Before printing the listing, strip out its pictures and keep everything else exact.
··· INFORMATION SUPPLIED ···
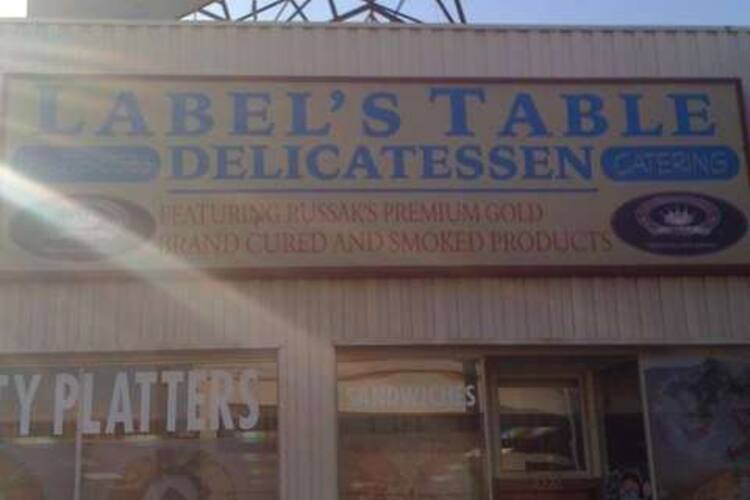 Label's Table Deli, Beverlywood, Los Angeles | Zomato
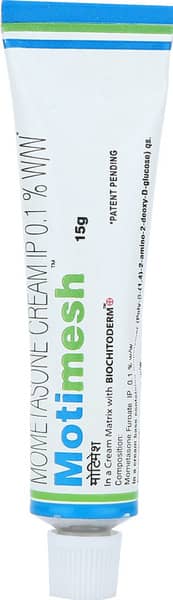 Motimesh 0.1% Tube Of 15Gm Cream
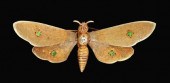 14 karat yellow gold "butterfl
···
• [ANSWER BELOW]
 Label's Table Deli, Beverlywood, Los Angeles | Zomato
 Motimesh 0.1% Tube Of 15Gm Cream
 14 karat yellow gold "butterfl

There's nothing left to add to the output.